STAR was designed to supplement the assessments that the teachers make about students' 'close' reading ability in Years 4 to 9 in New Zealand (Elley, 2001). In Years 4 to 6, the test consists of four sub-tests measuring word recognition (decoding of familiar words through identifying a word from a set of words that describe a familiar picture), sentence comprehension (complete sentences by selecting appropriate words), paragraph comprehension (replace words which have been deleted from the text in a 'Cloze' format) and vocabulary range (find a simile for an underlined word). In Years 7 and 8, students complete two more sub-tests, involving understanding the language of advertising (identify emotive words from a series of sentences) and reading different genres or styles of writing (select phrases in paragraphs of different genres which best fits the purpose and style of the writer).

Procedure

At the beginning of the year, the school leaders and researchers developed an intra-school standardised process of administering the test and moderating the accuracy of teacher scoring. This involved standardising the time of testing and creating a system of randomly checking a sample of teachers' marking for accuracy of scoring. Accuracy of scoring was further checked by the research team during data entry and analysis. The STAR was administered as part of schools' normal assessment cycle at the beginning of the school year.

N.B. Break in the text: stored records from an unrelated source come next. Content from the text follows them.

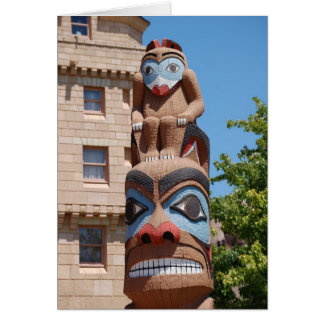 Totem Pole Hälsningskort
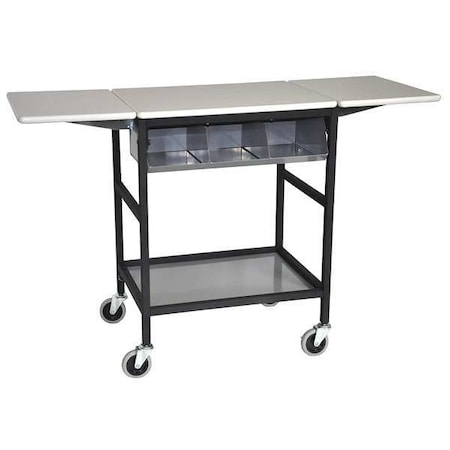 Ergonomic Mobile Work Table, 20 In. W MPN:ERGO-28-K4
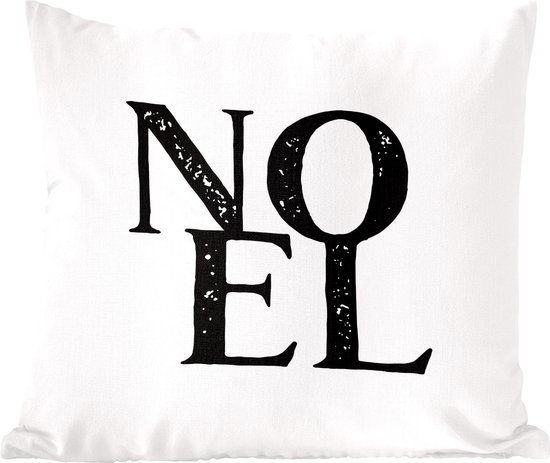 Sierkussens - Kussentjes Woonkamer - 60x60 cm - Kerst - Quotes - Noel - Spreuken - Kerstversiering - Kerstdecoratie voor binnen - Woonkamer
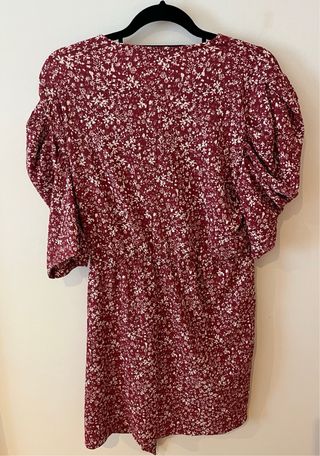 Vestido Mango floral rojo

Classroom Observations. Systematic classroom observations were carried out by the research team. These were designed to provide a sample of how features of teaching and learning might map on to the achievement data. Observations using diary and audio recording procedures were carried out in 16 classrooms in seven schools from Year 4 through to Year 8, (including one bilingual Samoan classroom). Classroom instruction was observed for 40-60 minutes during the usually scheduled core reading session, within which the teaching and learning of reading comprehension occurred. Class sizes generally ranged from 21-26 students. Discussions with teachers also provided an important level of professional reflection. Specific details from these observations are reported further in the paper when the student achievement profiles are discussed.

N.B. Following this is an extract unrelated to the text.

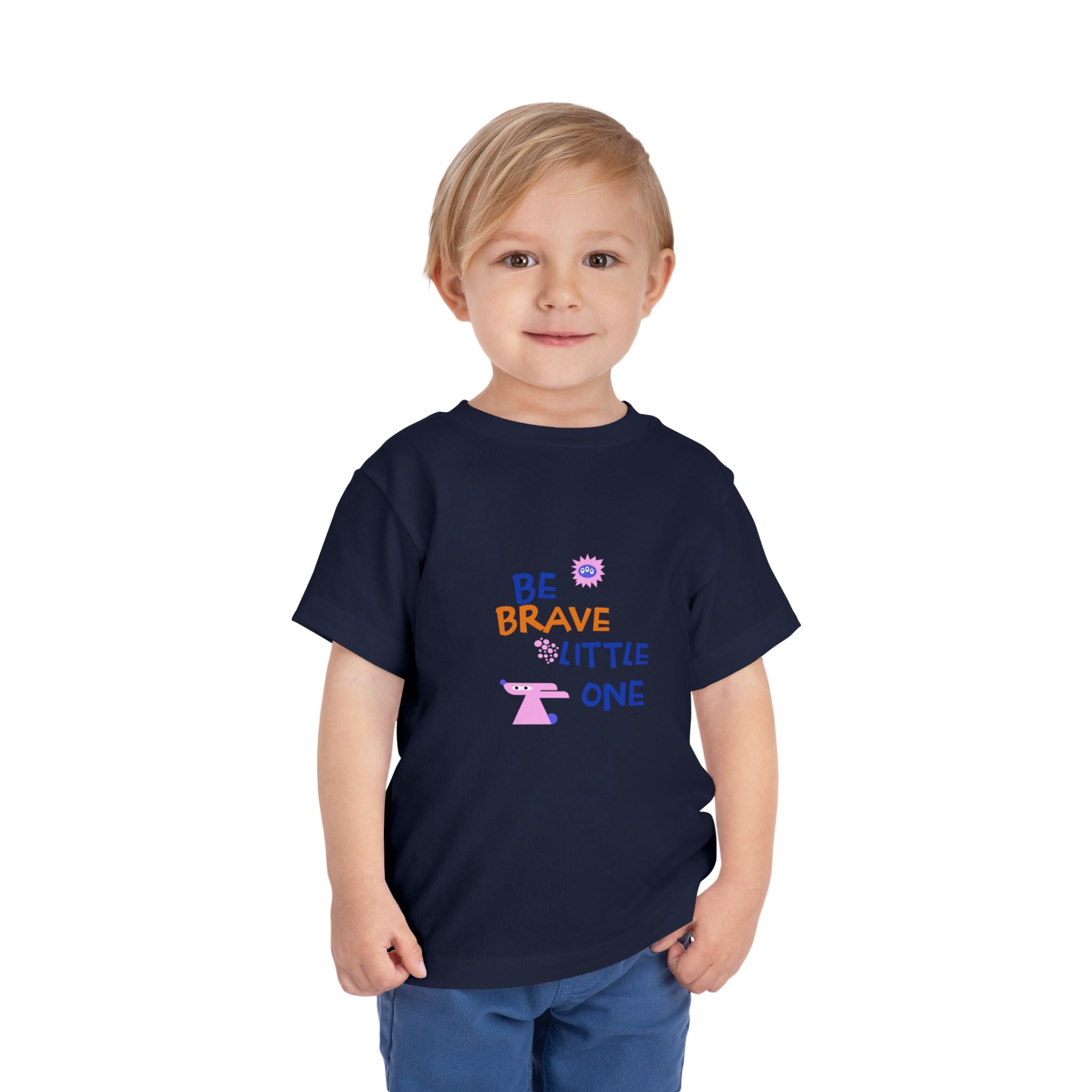 Be Brave Little One | Toddler Motivational Graphic Cute Motivational print T-Shirt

Observations revealed that the general reading programme was similar in most classes. A whole class activity typically was followed by group work, with the (2-5) groups organised by ability level. Typically the whole class activity involved the teacher introducing and sharing a text, over about 20 minutes. For the following (up to) 40 minutes, small group activities occurred, included text study and analysis (such as study of plot or character in narrative texts, and extracting and using information in informational texts), specific group or paired forms of instructional / guided reading (such as 'reciprocal teaching'), and individual or group project work (such as developing taxonomies of categories in science topics). Typically, the teacher worked with two groups over this time period and held conferences on the run with other groups.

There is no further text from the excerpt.